I’d say that Michaels was hard to read, not to understand. Most of what’s remarkable about him is straightforward: intelligence, ambition, executive ability, love of luxury, and a firm intent to keep his job. His one wrinkle is that this man who runs the show avoids going nose-to-nose with anyone. He doesn’t confront, he sidesteps; he doesn’t argue, he wraps you about in his loopity-loop sentences. That complication’s been well explained by Susan Morrison in her Lorne: The Man Who Invented Saturday Night Live, a nonintrusive but thorough biography that appeared last year. When he was 14, Michaels had a fight with his father, and his father very suddenly died later that night of a pulmonary embolism. Ever since Michaels has stepped carefully and obliquely while pursuing his lifelong goal of getting things his way.

Lorne the documentary gets to this incident about two-thirds into the movie and deals with it at speed. Paul Simon, acting as a sort of major domo to the Lorne inner sanctum, gives us the bones and then we’re on to 30 Rock and how Jack is Tina Fey’s rendition of Lorne. The film does have a few moments of truth-baring, but they’re more for flavor. Ayo Edebiri is tense and prone to overburble when making conversation with Lorne, and the camera stays on the two as they finally look away from each other and sit there. The maître d’ of Lorne’s favorite restaurant is asked what the man orders and he answers with a cool bit of New Yawkah bravado: “It’s like Vegas. What happens here stays here.” This bit of color would’ve done fine on its own, but again the camera stays. Having delivered his line, he waits for a response and receives silence. So he twitches and we see it. Not much is revealed here except the moment-to-moment embarrassments of life, but it feels like truth is being served up.

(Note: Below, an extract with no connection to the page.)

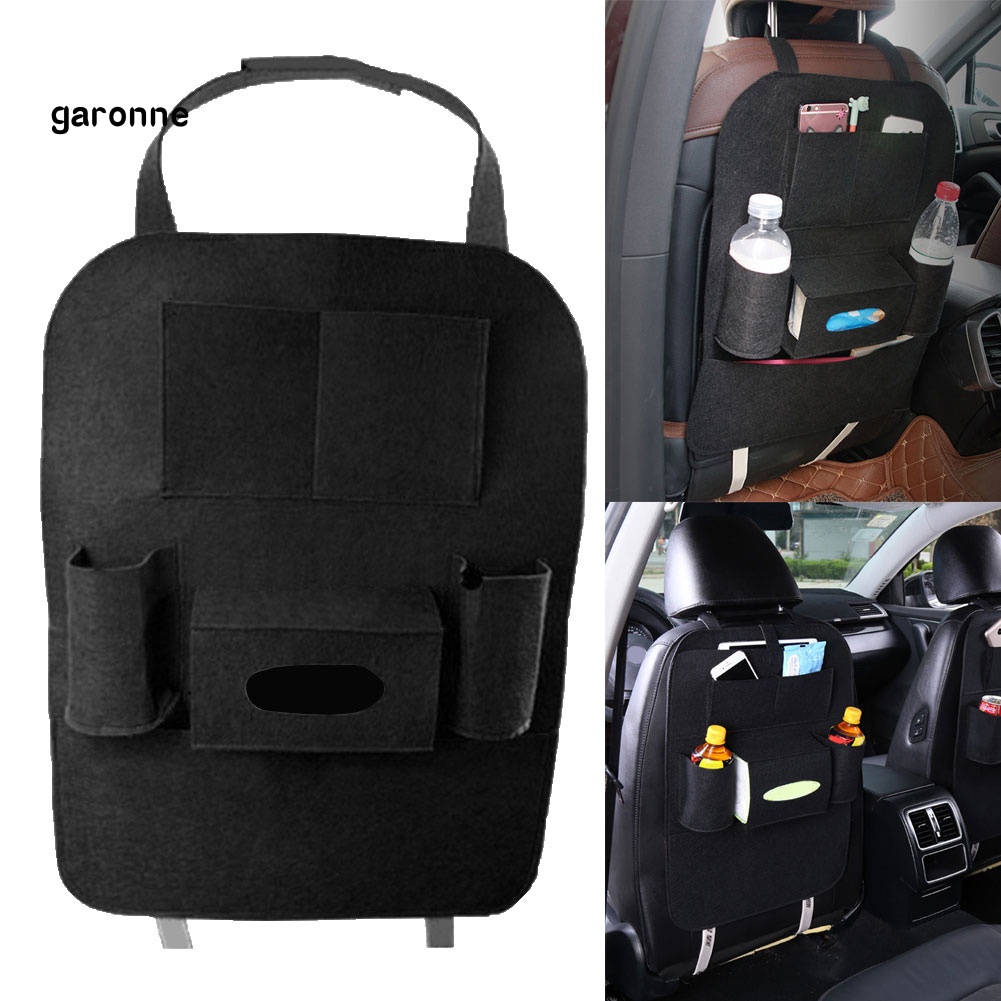 Túi Đựng Đồ Nhiều Ngăn Treo Sau Ghế Xe Hơi Gọn Gàng Giá Đỡ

For an old-timer, it’s striking that Chris Farley’s death is treated as a milestone while John Belushi’s gets no mention. Not that Belushi’s absence is a fault necessarily, but what a sign of our changing world. Lorne’s various wives or children aren’t mentioned either, which I suppose isn’t so much a gap as an indication of the movie’s intent. This is a movie about Lorne the boss. “Big Boss Man” plays us out (showbiz term) for the finishing credits, and Paul Simon’s the only person we hear from who isn’t an employee or some other work associate. Lorne doesn’t matter because of his writing or acting, he matters because of his work situation, and it’s one he created. The apparatus around Lorne Michaels delivers Saturday Night Live to the TV three times a month, eight months a year, and has been doing that (or similar numbers) since Reagan was president.

Michaels started the show and built the apparatus, and then he rebuilt it again after walking off. Now he’s kept things running and it’s 40 years plus. So there’s a film about him. Lorne’s about a manager, as in a man with employees. His work matters to everybody else, depending on their interest in the show, but the man himself matters to a smaller circle, namely the people who work for him. That’s where the sphinx business comes in. To them he’s a sphinx: he won’t laugh at auditions, he won’t come out and say you’re hired (“Are you good about moves?”). When you’re up for renewal, maybe he’ll let you dangle a bit before you get a call.

For the rest of us, he’s not such a sphinx. He’s a powerful, gifted man who isn’t all that considerate, and all right, he likes to hang back and weigh his options. But there’s no mystery, not unless he’s pondering a sketch and you wrote it. (Lorne pulls his chin. Then: “Vigor works when the audience knows it bought a ticket.” You panic—what?) But you can worry about that. The rest of us, for our purposes, find your boss predictable. He’ll put on your sketch about the menstruating hamburger, or some other sketch about a horny French fry (or a gameshow for ex-girlfriends, or suburban couples acting weird). He likes being in charge and making big money and he knows what he’s doing. The show will keep chugging along.